* [YOUR GOAL]: Copy nothing but the lines below, from the one with "Solomon Cufflinks- Lapis" through the one with "Waterway 180GPM 2in.", exactly as written; no pictures should appear.
(Beginning of MATERIAL SUPPLIED)
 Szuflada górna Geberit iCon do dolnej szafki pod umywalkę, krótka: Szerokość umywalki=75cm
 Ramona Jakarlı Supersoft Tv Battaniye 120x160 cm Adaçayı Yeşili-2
(End of MATERIAL SUPPLIED)
(Beginning of MATERIAL SUPPLIED)
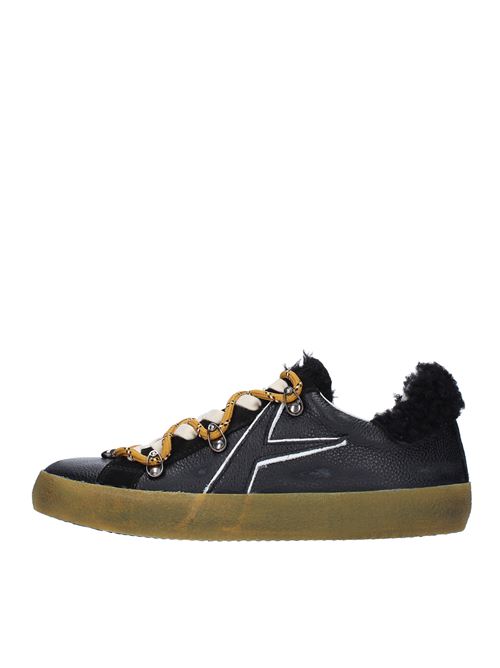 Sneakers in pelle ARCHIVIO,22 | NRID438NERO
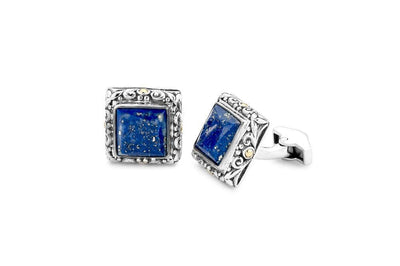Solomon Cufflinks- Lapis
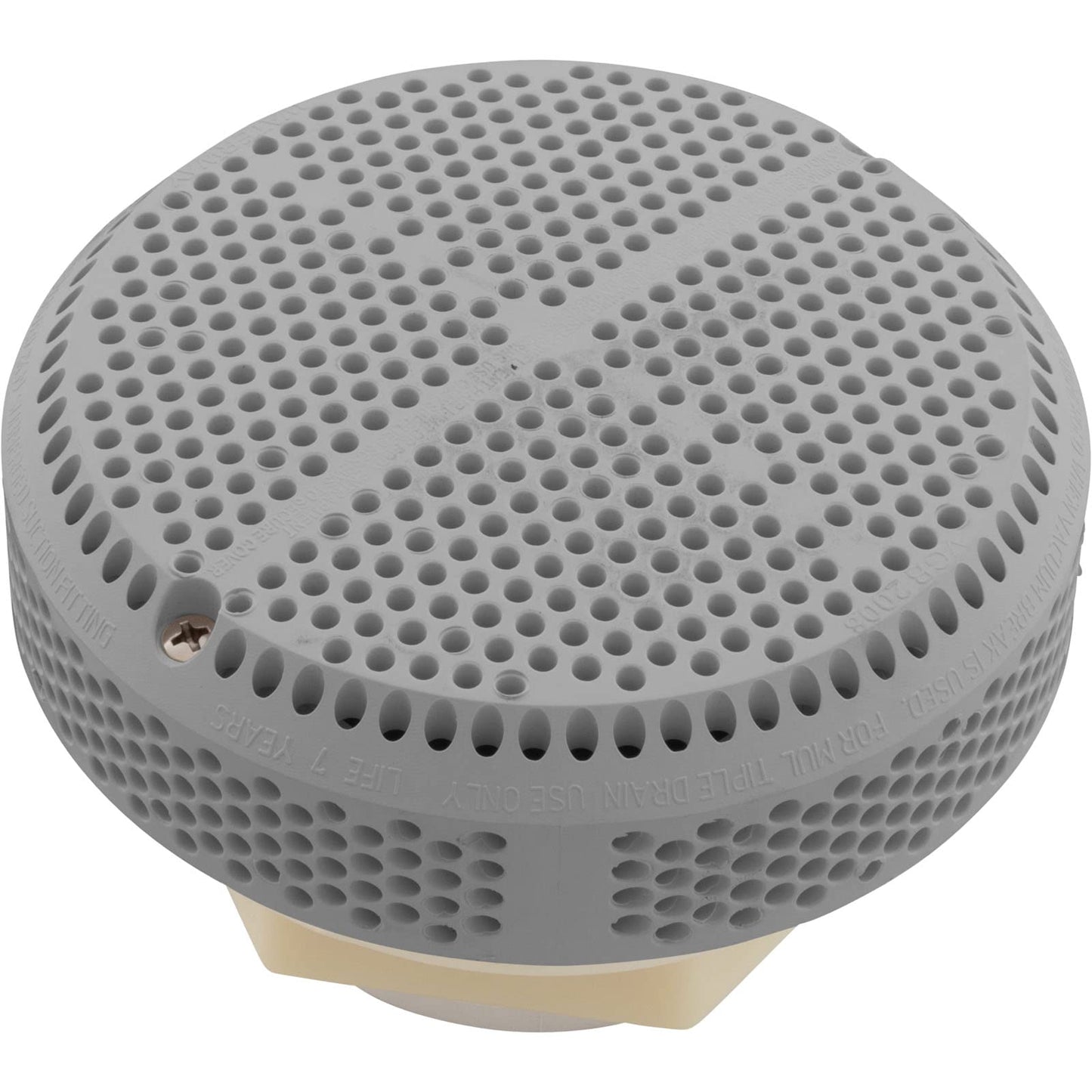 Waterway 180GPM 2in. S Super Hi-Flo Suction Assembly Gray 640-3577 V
(End of MATERIAL SUPPLIED)
* [ANSWER BOX]:
Solomon Cufflinks- Lapis
 Waterway 180GPM 2in. S Super Hi-Flo Suction Assembly Gray 640-3577 V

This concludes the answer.